The Bugatti Veyron Grand Sport 'Soleil de Nuit' is a one-off masterpiece: polished aluminium meets midnight blue on the world's fastest open roadster.

Bugatti Veyron Grand Sport 'Soleil de Nuit': One of One'

Soleil de Nuit - Sun of Night. The name is a deliberate contradiction, the kind of poetic paradox that only a French atelier could commission with a straight face and actually make work. Stand beside this particular Grand Sport and the logic becomes unexpectedly clear: the lower bodywork catches daylight in polished aluminium, throwing it back like a mirror held flat to the sky, while the upper surfaces dissolve into Black Blue Metallic - that saturated darkness that exists somewhere between midnight and the deep ocean. The underside of the rear wing is Italian Red, hidden from view unless you know to crouch and look. It is a car that reveals itself in stages, each angle offering something new, much like the desert sky it was conceived to honour. Bugatti built exactly one of these.

To understand why this particular car exists at all, you need to trace the Veyron's origins back to a man with an obsession rooted not in road-car bragging rights, but in the specific, wind-blasted drama of Le Mans. Ferdinand Piëch - grandson of Ferdinand Porsche and the man who would eventually chair Volkswagen Group - was Porsche's motorsport director when the 917 recorded 362 km/h along the Mulsanne Straight in period. That figure lodged in him. When a specially prepared Peugeot P88 prototype later attacked the same straight and clocked 407 km/h, Piëch had a concrete target: build a road car that eclipses it. Not faster than other road cars, specifically - faster than a Le Mans prototype. The ambition was almost deranged in its scale, and it took Volkswagen Group's vast engineering resources, a decade of development, and a reported loss of roughly €5 million on every car sold to actually deliver it. The production Veyron 16.4, revealed in 2005, hit 408.47 km/h at the Ehra-Lessien test track. Mission accomplished. Piëch got his number.

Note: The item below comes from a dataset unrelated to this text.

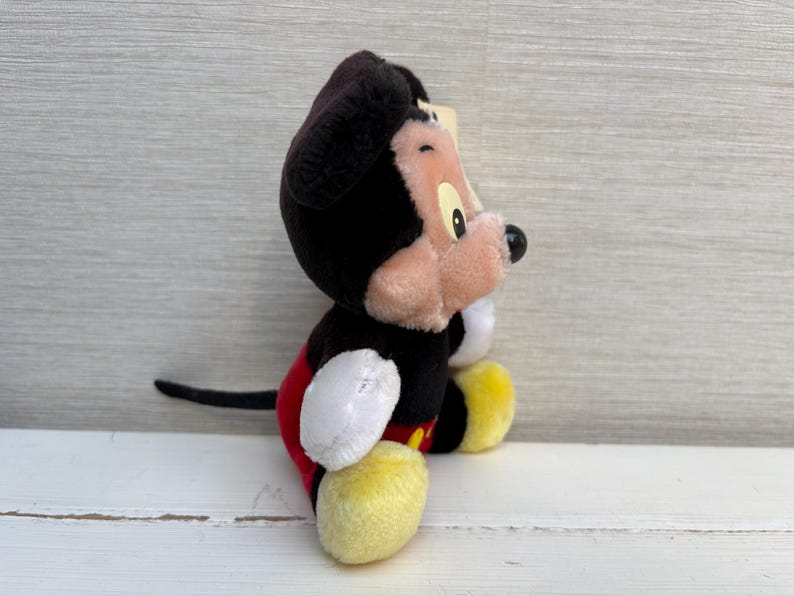 Puede incluir: Un peluche de Mickey Mouse, con cabeza y orejas negras, cara rosa y nariz negra. El juguete tiene guantes blancos, zapatos amarillos y pantalones cortos rojos. El personaje cl&aacute;sico de Disney est&aacute; sentado.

The engineering required to reach that figure is still staggering to consider even now, over two decades on. The W16 engine - essentially two narrow-angle V8s sharing a common crankshaft - displaces 7,993cc and breathes through four turbochargers arranged in pairs, with an intercooler dedicated to each pair. In standard Veyron specification it produces 1,001 PS and 1,250 Nm of torque, figures that in 2005 existed in a category entirely their own. The transmission is a seven-speed dual-clutch DSG unit, and the four-wheel-drive system was developed specifically to cope with the torque loads involved. At full chat the engine consumes air at a rate that required Bugatti to engineer two separate air intakes - the familiar NACA ducts along the flanks - because a single opening of adequate size would have structurally compromised the bodywork. The car burns through a full tank of fuel in approximately twelve minutes at top speed. Bugatti fitted a specific key - the speed key - that must be inserted into a separate slot to disable the aerodynamic limiters and allow the car to reach its maximum velocity. Without it, the Veyron is electronically capped at 375 km/h. Even that feels faintly absurd as a consolation prize.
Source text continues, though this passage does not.